INFORMATION PROVIDED
►

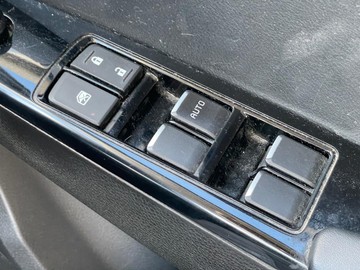 https://dvg-vehicle-assets.s3.amazonaws.com/V003955/4o2n8hzccsxbxbuy689e1w6op.jpg
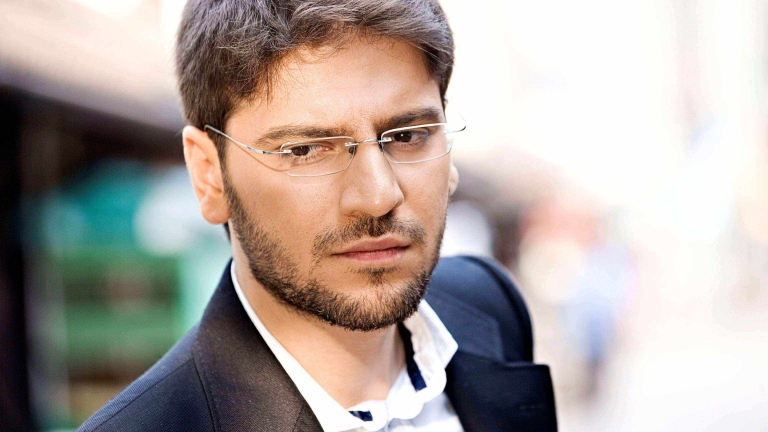 سامي يوسف يدعم حملة تبرع من أجل السوريين 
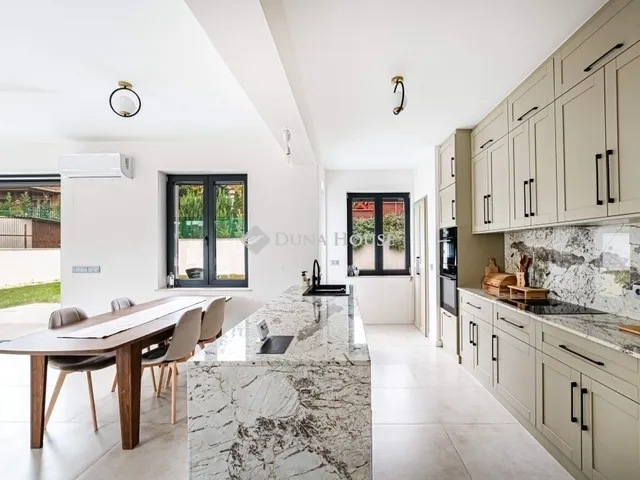 Eladó ház Leányfalu 120 nm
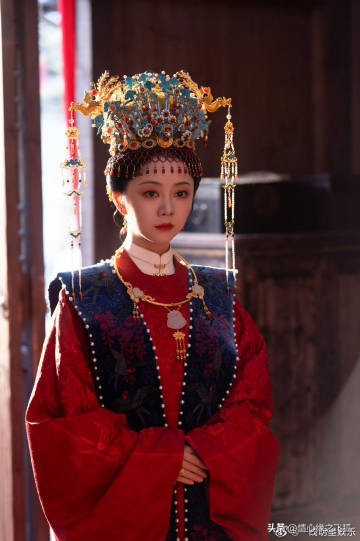 40亩园林是实景手搓的？难怪每一帧都像画一样，这个剧组连地砖都透着讲究，许兰香在这宅子里走了一辈子，宅子也替她记住了所有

◄

WHAT IS NEEDED
The data above should be returned in full, exactly as written, apart from its images.

WORKED SOLUTION
 https://dvg-vehicle-assets.s3.amazonaws.com/V003955/4o2n8hzccsxbxbuy689e1w6op.jpg
 سامي يوسف يدعم حملة تبرع من أجل السوريين 
 Eladó ház Leányfalu 120 nm
 40亩园林是实景手搓的？难怪每一帧都像画一样，这个剧组连地砖都透着讲究，许兰香在这宅子里走了一辈子，宅子也替她记住了所有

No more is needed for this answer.